Aim of the task: Nothing but the lines from the one containing "Couverture du recueil 31" through the one containing "Mercedes-Benz CLA – Bild 17", both included, should be given again, each exactly as written below.

[Source data]
>>>>

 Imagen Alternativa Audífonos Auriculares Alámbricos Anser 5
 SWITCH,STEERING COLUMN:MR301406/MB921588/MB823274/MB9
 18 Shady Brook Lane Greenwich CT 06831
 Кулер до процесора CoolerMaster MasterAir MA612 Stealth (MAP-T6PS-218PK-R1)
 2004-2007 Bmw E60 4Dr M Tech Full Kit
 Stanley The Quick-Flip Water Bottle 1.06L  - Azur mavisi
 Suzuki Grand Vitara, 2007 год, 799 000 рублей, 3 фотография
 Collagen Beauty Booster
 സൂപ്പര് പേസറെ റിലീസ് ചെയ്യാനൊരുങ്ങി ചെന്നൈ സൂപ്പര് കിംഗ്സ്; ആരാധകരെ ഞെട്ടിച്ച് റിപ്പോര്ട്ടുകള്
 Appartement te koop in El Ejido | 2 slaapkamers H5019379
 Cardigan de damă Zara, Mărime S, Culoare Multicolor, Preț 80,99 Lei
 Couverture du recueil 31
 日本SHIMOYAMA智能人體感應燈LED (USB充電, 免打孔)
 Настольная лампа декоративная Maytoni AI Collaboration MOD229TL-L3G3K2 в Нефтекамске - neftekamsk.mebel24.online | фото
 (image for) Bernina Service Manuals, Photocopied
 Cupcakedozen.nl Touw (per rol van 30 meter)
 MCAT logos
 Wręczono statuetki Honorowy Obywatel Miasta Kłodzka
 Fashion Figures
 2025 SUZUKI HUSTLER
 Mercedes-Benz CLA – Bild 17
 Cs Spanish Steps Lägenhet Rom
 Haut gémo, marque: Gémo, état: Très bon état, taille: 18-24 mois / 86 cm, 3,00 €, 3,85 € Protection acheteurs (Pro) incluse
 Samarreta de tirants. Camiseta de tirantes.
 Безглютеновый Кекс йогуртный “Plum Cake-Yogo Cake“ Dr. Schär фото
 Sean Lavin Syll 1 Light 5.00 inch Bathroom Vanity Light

<<<<

Expected answer:
 Couverture du recueil 31
 日本SHIMOYAMA智能人體感應燈LED (USB充電, 免打孔)
 Настольная лампа декоративная Maytoni AI Collaboration MOD229TL-L3G3K2 в Нефтекамске - neftekamsk.mebel24.online | фото
 (image for) Bernina Service Manuals, Photocopied
 Cupcakedozen.nl Touw (per rol van 30 meter)
 MCAT logos
 Wręczono statuetki Honorowy Obywatel Miasta Kłodzka
 Fashion Figures
 2025 SUZUKI HUSTLER
 Mercedes-Benz CLA – Bild 17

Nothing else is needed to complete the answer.